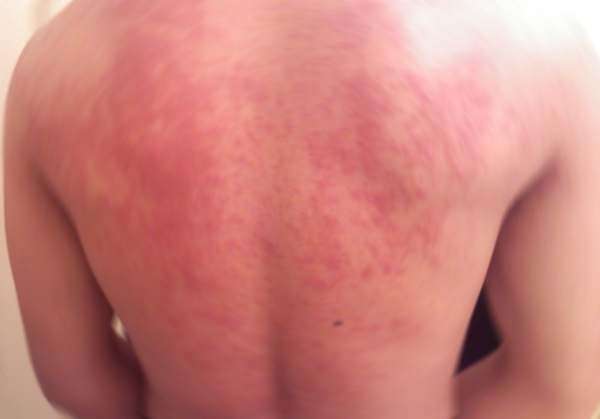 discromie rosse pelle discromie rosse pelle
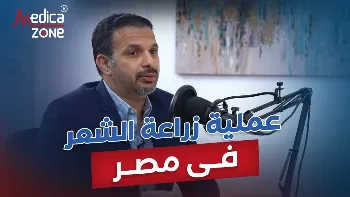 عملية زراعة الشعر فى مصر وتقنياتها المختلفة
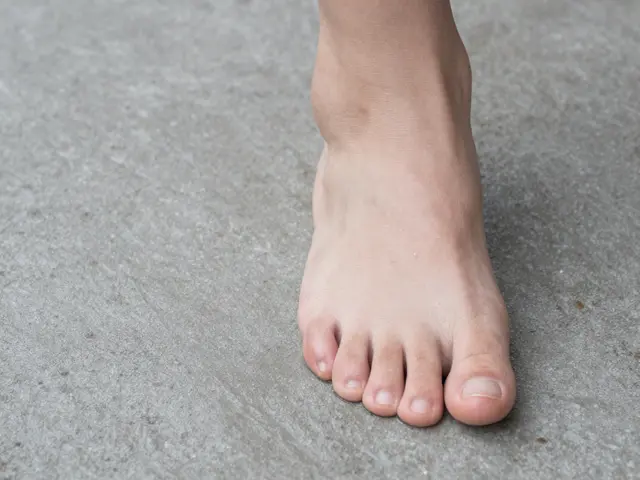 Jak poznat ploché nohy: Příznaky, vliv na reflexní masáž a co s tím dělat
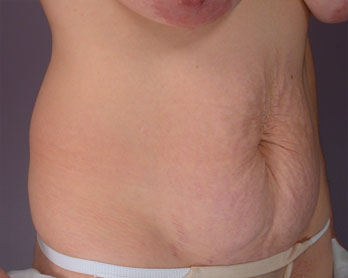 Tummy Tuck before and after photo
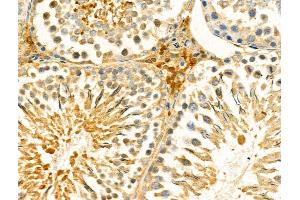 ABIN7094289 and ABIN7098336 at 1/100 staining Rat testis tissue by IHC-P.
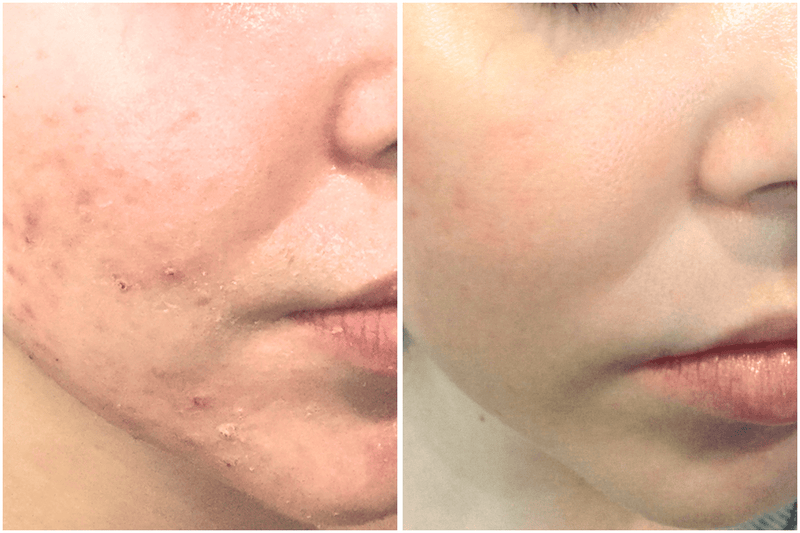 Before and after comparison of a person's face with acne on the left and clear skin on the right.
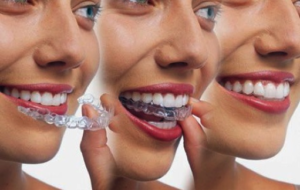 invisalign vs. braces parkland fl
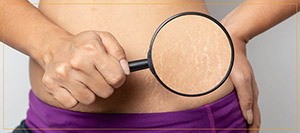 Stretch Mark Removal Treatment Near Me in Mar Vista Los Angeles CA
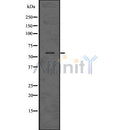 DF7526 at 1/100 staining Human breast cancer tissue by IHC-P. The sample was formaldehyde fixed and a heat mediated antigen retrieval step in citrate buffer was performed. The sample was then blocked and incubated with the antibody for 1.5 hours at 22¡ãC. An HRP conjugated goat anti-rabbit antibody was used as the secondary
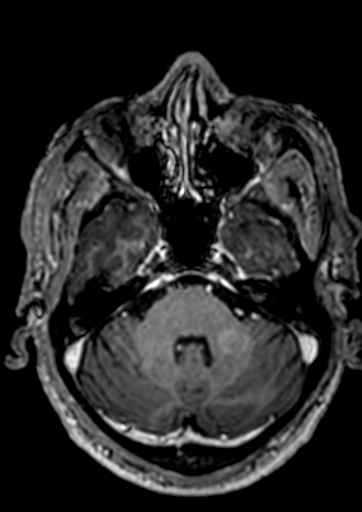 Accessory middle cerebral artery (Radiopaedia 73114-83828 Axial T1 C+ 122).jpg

**********

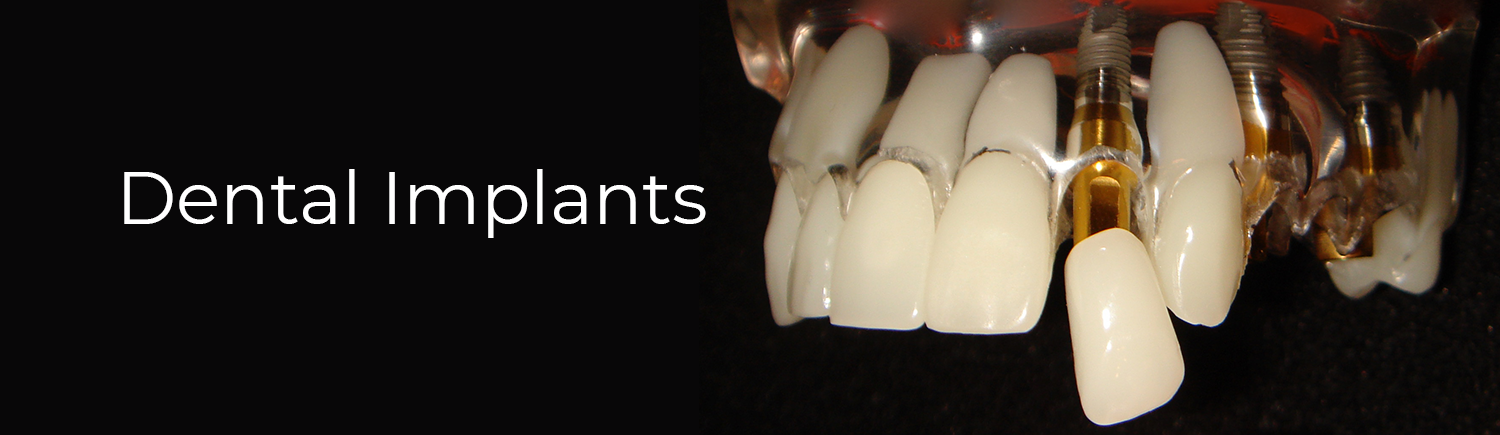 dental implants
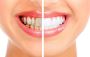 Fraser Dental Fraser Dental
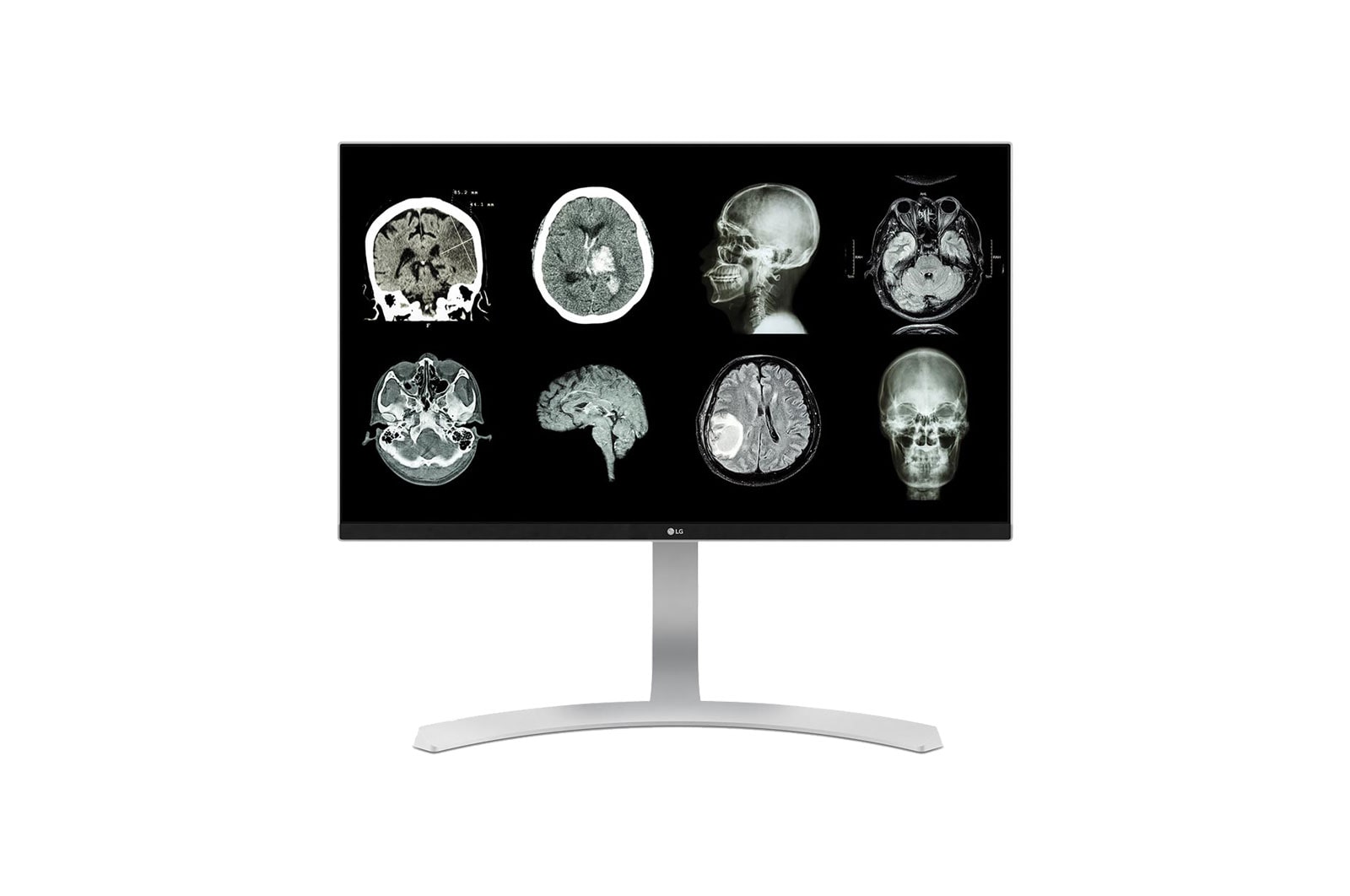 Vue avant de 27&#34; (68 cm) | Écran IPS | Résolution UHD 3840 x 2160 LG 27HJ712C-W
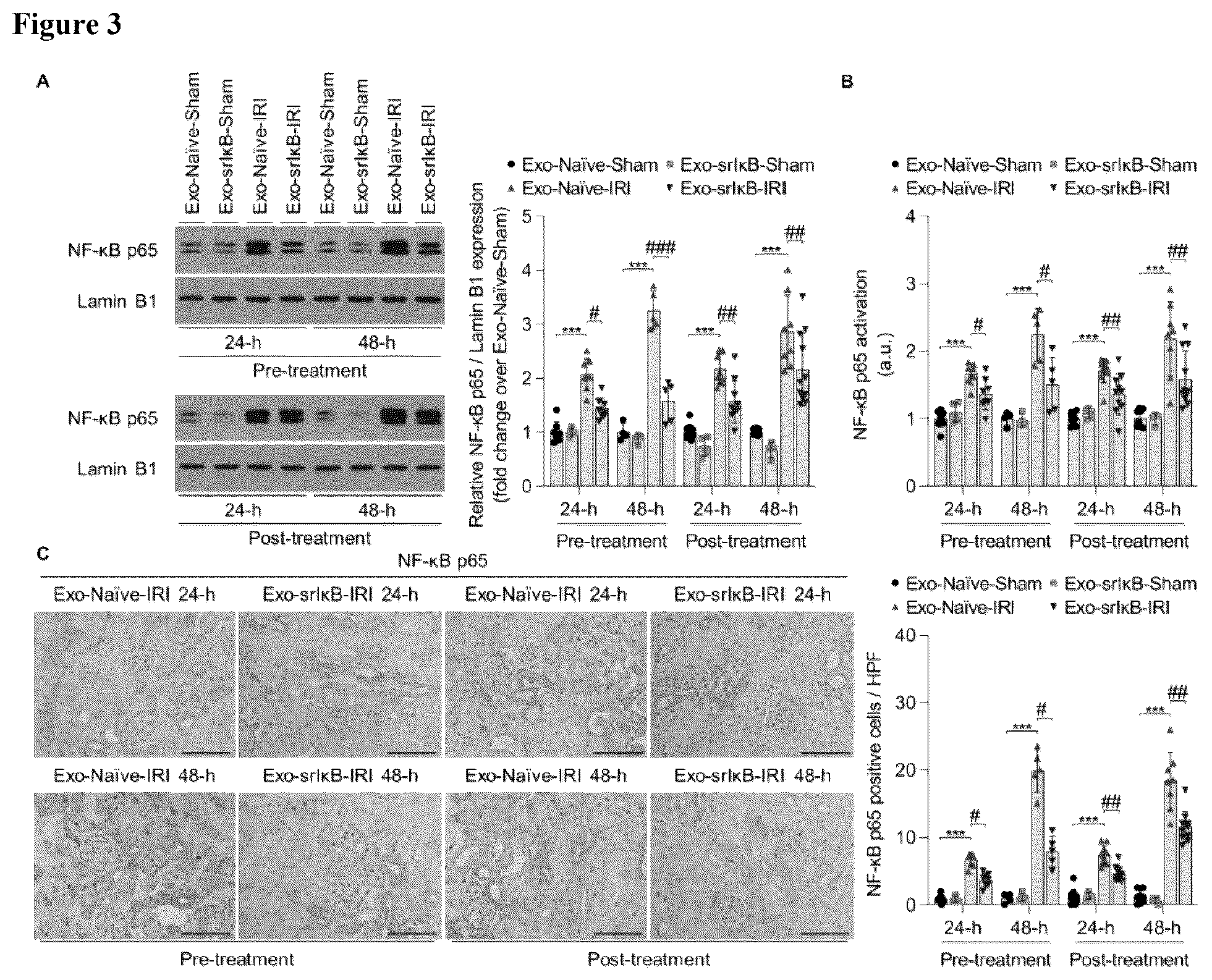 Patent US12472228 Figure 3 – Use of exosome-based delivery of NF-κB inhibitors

**********

Start with the line above containing "discromie rosse pelle discromie rosse pelle" and end with the line containing "Stretch Mark Removal". Set down that stretch exactly, without any pictures.

**EXERCISE RESPONSE:**
 discromie rosse pelle discromie rosse pelle
 عملية زراعة الشعر فى مصر وتقنياتها المختلفة
 Jak poznat ploché nohy: Příznaky, vliv na reflexní masáž a co s tím dělat
 Tummy Tuck before and after photo
 ABIN7094289 and ABIN7098336 at 1/100 staining Rat testis tissue by IHC-P.
 Before and after comparison of a person's face with acne on the left and clear skin on the right.
 invisalign vs. braces parkland fl
 Stretch Mark Removal Treatment Near Me in Mar Vista Los Angeles CA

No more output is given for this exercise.